Simulate logon to the Xiaomi account using Python (Tornado)

Today, I saw my colleagues participate in Xiaomi flash sales. After several weeks of attempts, I finally got a Xiaomi TV ...... After reading the flash sales process of Xiaomi, it seems that the application can be broken. So I want to write something to play with (you know ......), The first step is to simulate logon to the Xiaomi account.

Use Python to implement it. Because a Web application is written, Tornado is the framework.

First, define the application URL:

def main():    tornado.options.parse_command_line()    application = tornado.web.Application([        (r"/", MainHandler),        (r"/mibuy/", MiBuyHandler),    ],**settings)    http_server = tornado.httpserver.HTTPServer(application)    http_server.listen(options.port)    tornado.ioloop.IOLoop.instance().start()

The next step is to find the data that needs to post the past, and use Fiddler to sniff:

That is to say, the POST address is https://account.xiaomi.com/pass/serviceloginauth2.

The form parameters to be constructed are also very simple (URL encoding has been performed ): passToken = & user = www.bkjia.com & pwd = password & callback = https % 3A % 2F % 2Faccount.xiaomi.com & sid = passport & qs = % 253 Fsid % 253 Dpassport & hidden = & _ sign = KKkRvCpZoDC % 2BgLdeyOsdMhwV0Xg % 3D. That is:

post_data = urllib.urlencode({'passToken':'', 'user': 'www.bkjia.com', 'pwd': 'password', 'callback':'https://account.xiaomi.com', 'sid':'passport', 'qs':'%3Fsid%3Dpassport', 'hidden':'', '_sign':'KKkRvCpZoDC+gLdeyOsdMhwV0Xg='})path = 'https://account.xiaomi.com/pass/serviceLoginAuth2'

The following functions can also be written:

class MiBuyHandler(tornado.web.RequestHandler):    def get(self):        cj = cookielib.CookieJar()        post_data = urllib.urlencode({'passToken':'', 'user': 'www.bkjia.com', 'pwd': 'password', 'callback':'https://account.xiaomi.com', 'sid':'passport', 'qs':'%3Fsid%3Dpassport', 'hidden':'', '_sign':'KKkRvCpZoDC+gLdeyOsdMhwV0Xg='})        path = 'https://account.xiaomi.com/pass/serviceLoginAuth2'        cookieHandle = urllib2.HTTPCookieProcessor(cj)        opener = urllib2.build_opener(cookieHandle)        #opener.addheaders = [('User-agent', 'Opera/9.23')]        urllib2.install_opener(opener)        req = urllib2.Request(path, post_data)        response = urllib2.urlopen(req)        html = response.read()        self.render("mibuy.html",message=html)
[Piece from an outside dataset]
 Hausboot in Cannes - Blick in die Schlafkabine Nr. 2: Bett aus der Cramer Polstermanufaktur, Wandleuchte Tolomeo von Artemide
How to print the cookie and print cj directly to view the cookie content.

The next thing seems very simple, that is, parsing hdcontrol (URL: http://tc.hd.xiaomi.com/hdget? Callback = hdcontrol) json.

hdcontrol({stime: 1383645496,status: {allow: true,miphone: {hdurl: "",duration: null,hdstop: true,reg: true,pmstart: false,hdstart: false},mibox: {hdurl: "",duration: null,hdstop: true,reg: true,pmstart: false,hdstart: false},mitv: {hdurl: "",duration: null,hdstop: true,reg: false,pmstart: false,hdstart: false}}})

When allow is true, hdurl has a value, such? _ A = 20131105_phone_a212a2b30e5 & _ op = choose & _ s = 72b686828 & _ m = 1 and so on. This is the real Flash sale address, if you access this address directly, you do not need to click the queuing button. You should know what to do if you know the program ......

It only applies to the current (November 2013), and may change some rules in the future.